[Click here for a PDF of this post with nicer formatting]

I pulled [1], one of too many lonely Dover books, off my shelf and started reading the review chapter. It posed the following question, which I thought had an interesting subquestion.

Variational principle with two by two matrix.

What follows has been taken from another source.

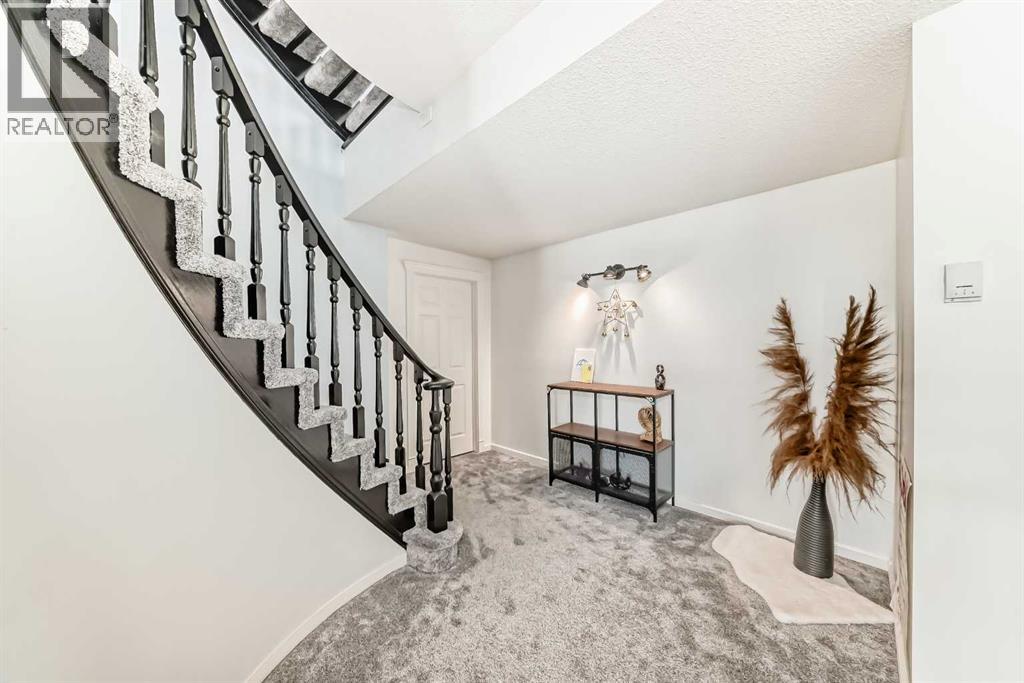 40 CHRISTIE CAIRN SQUARE SW - 35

Consider a \( 2 \times 2 \) real symmetric matrix operator \(\BO \), with an arbitrary normalized trial vector

\begin{equation}\label{eqn:variationalMatrix:20}
\Bc =
\begin{bmatrix}
\cos\theta \\
\sin\theta
\end{bmatrix}.
\end{equation}

The variational principle requires that minimum value of \( \omega(\theta) = \Bc^\dagger \BO \Bc \) is greater than or equal to the lowest eigenvalue. If that minimum value occurs at \( \omega(\theta_0) \), show that this is exactly equal to the lowest eigenvalue and explain why this is expected.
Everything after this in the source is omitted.